Back to table of contents

Credit: public domain


Andrew J. Ko

The first application I ever wrote was a complete and utter failure.

I was an eager eighth grader, full of wonder and excitement about the infinite possibilities in code, with an insatiable desire to build, build, build. I'd made plenty of little games and widgets for myself, but now was my chance to create something for someone else: my friend and I were making a game and he needed a tool to create pixel art for it. We had no money for fancy Adobe licenses, and so I decided to make a tool.

In designing the app, I made every imaginable software engineering mistake. I didn't talk to him about requirements. I didn't test on his computer before sending the finished app. I certainly didn't conduct any usability tests, performance tests, or acceptance tests. The app I ended up shipping was a pure expression of what I wanted to build, not what he needed to be creative or productive. As a result, it was buggy, slow, confusing, and useless, and blinded by my joy of coding, I had no clue.

Now, ideally my "customer" would have reported any of these problems to me right away, and I would have learned some tough lessons about software engineering. But this customer was my best friend, and also a very nice guy. He wasn't about to trash all of my hard work. Instead, he suffered in silence. He struggled to install, struggled to use, and worst of all struggled to create. He produced some amazing art a few weeks after I gave him the app, but it was only after a few months of progress on our game that I learned he hadn't used my app for a single asset, preferring instead to suffer through Microsoft Paint. My app was too buggy, too slow, and too confusing to be useful. I was devastated.

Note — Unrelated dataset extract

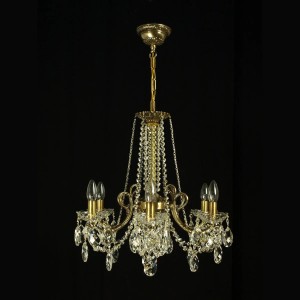 Casa Padrino Lampadario in cristallo barocco di lusso Oro Ø 58 x H. 40 cm - Sontuosa Lampadario in ottone con cristallo di Boemia - Mobili barocchi - Nobile e sontuoso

Why didn't I know it was such a complete failure? Because I wasn't looking. I'd ignored the ultimate test suite: my customer. I'd learned that the only way to really know whether software requirements are right is by watching how it executes in the world through monitoring.

Discovering Failures

Of course, this is easier said than done. That's because the (ideally) massive numbers of people executing your software is not easily observable. Moreover, each software quality you might want to monitor (performance, functional correctness, usability) requires entirely different methods of observation and analysis. Let's talk about some of the most important qualities to monitor and how to monitor them.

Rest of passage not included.